Performing child-pundit no longer conservative
Jonathan Krohn, now 17, is embarrassed by his precocious, creepy CPAC performance
Topics: Politics, CPAC, Conservatism, Politics News
In February 2009, a 13-year-old boy named Jonathan Krohn gave, for some reason, a big televised speech at CPAC, the conservative movement’s annual convention, in which he expounded on “the future of conservatism” in a sort of political version of a creepy child pageant or impressive performing animal act.
Lots of liberals said that Krohn would eventually regret being thrust into such a prominent venue at such a young age, and it turns out we were to be proven right much faster than we expected. Krohn is now 17 years old, and he is so much more mature and wise now, as all 17-year-olds are. He tells Politico’s Patrick Gavin that he is no longer a conservative.
“I think it was naive,” Krohn now says of the speech. “It’s a 13-year-old kid saying stuff that he had heard for a long time … I live in Georgia. We’re inundated with conservative talk in Georgia … The speech was something that a 13-year-old does. You haven’t formed all your opinions. You’re really defeating yourself if you think you have all of your ideas in your head when you were 12 or 13. It’s impossible. You haven’t done enough.”
Krohn’s still a remarkably precocious young man, having completed the David Frum/Andrew Sullivan conversion process before he can even register to vote. He’s now pro-gay marriage, pro-Obama, and headed to New York University to study philosophy and (hah) filmmaking. (Last time we checked in on Krohn, he was planning to attend Princeton, home of conservative legal scholar Robert P. George.)
As has been the case since he burst onto the political scene, it’s very easy to feel bad for Krohn.

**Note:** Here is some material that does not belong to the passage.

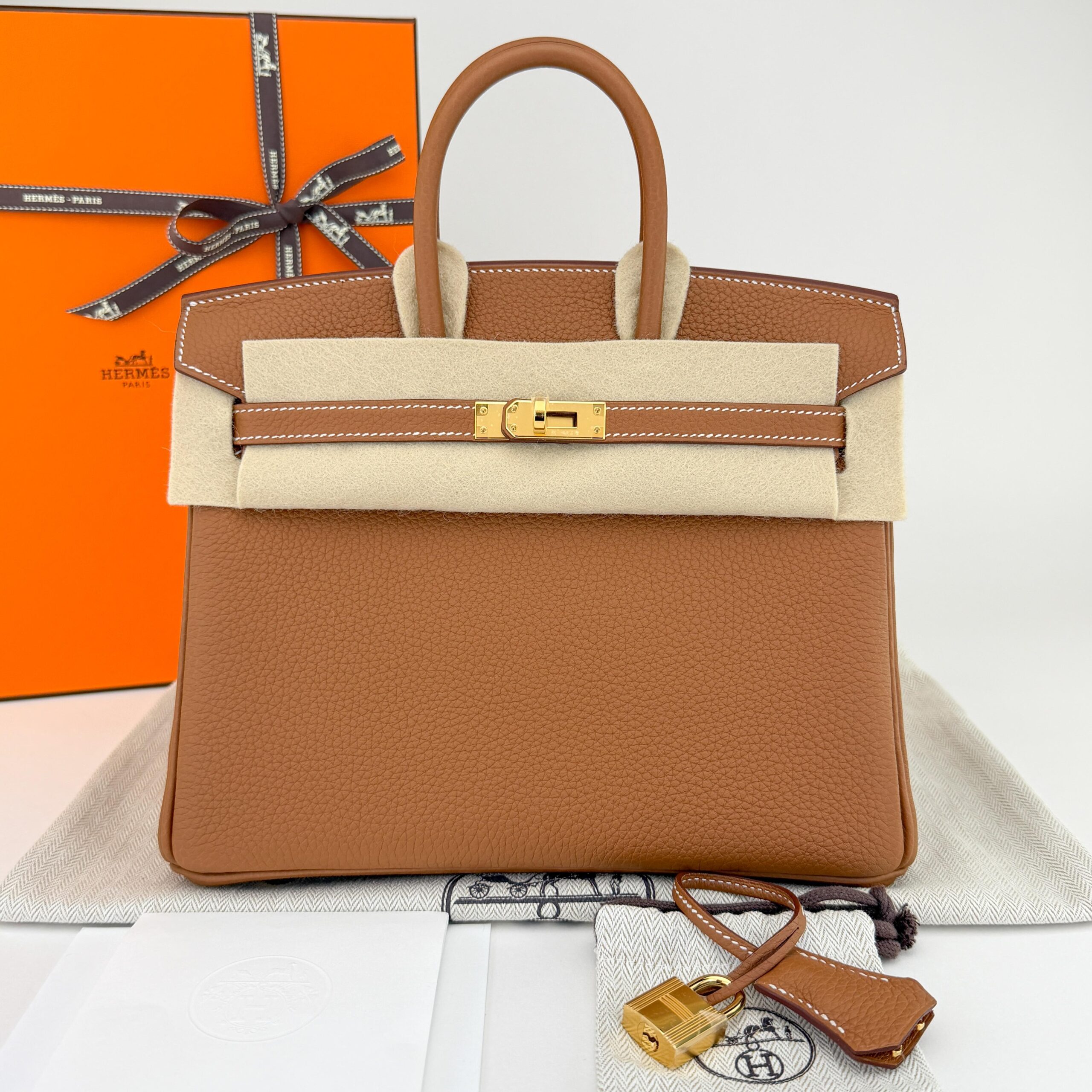 Hermes Birkin 25 Retourne Togo Gold Gold Hardware G Stamp Unworn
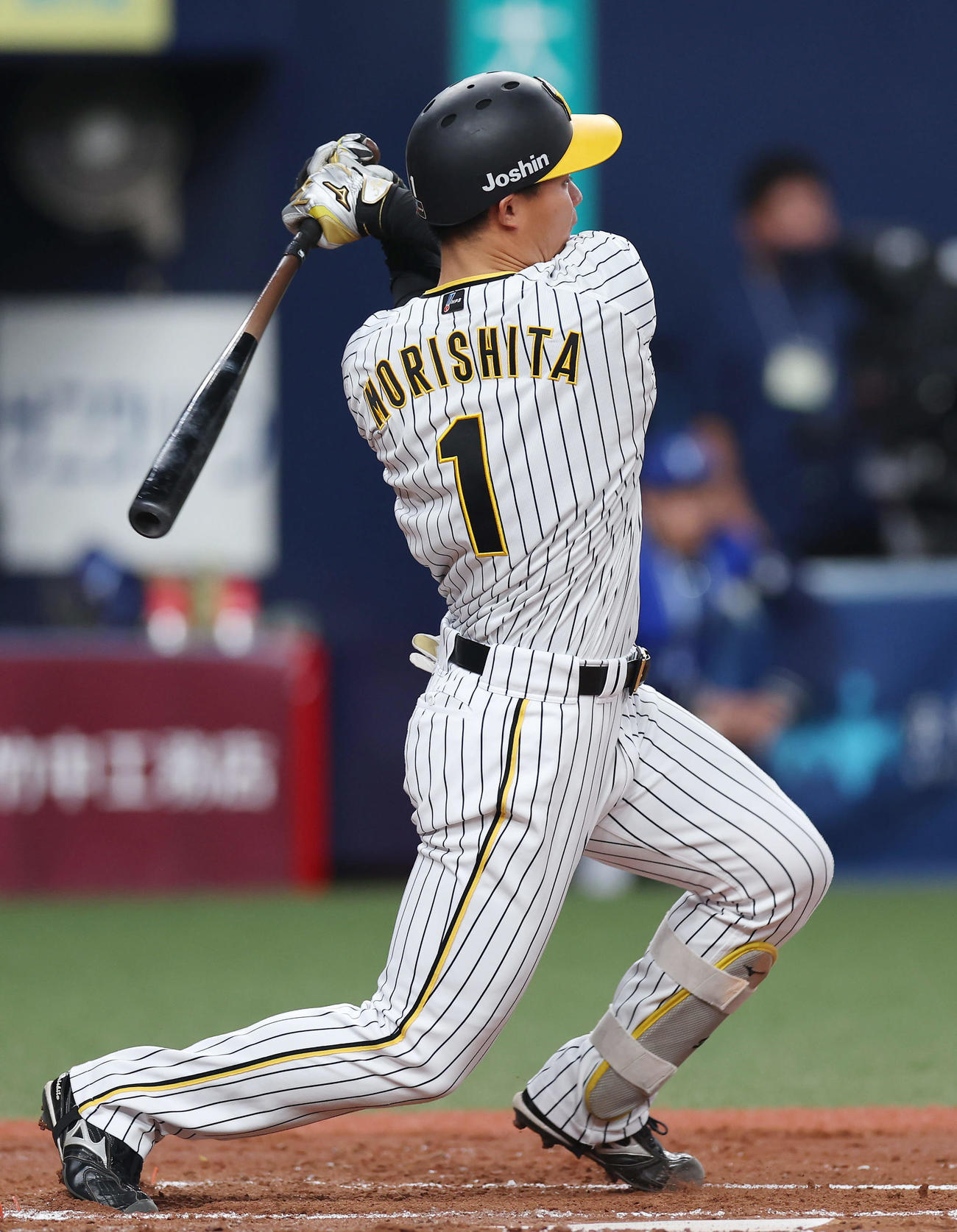 阪神対DeNA 2回裏阪神無死一塁、左前打を放つ森下（撮影・前田充）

“I started reflecting on a lot of what I wrote, just thinking about what I had said and what I had done and started reading a lot of other stuff, and not just political stuff,” Krohn said. “I started getting into philosophy — Nietzsche, Wittgenstein, Kant and lots of other German philosophers. And then into present philosophers — Saul Kripke, David Chalmers. It was really reading philosophy that didn’t have anything to do with politics that gave me a breather and made me realize that a lot of what I said was ideological blather that really wasn’t meaningful. It wasn’t me thinking. It was just me saying things I had heard [for] so long from people I thought were interesting and just came to believe for some reason, without really understanding it. I understood it enough to talk about it but not really enough to have a conversation about it.”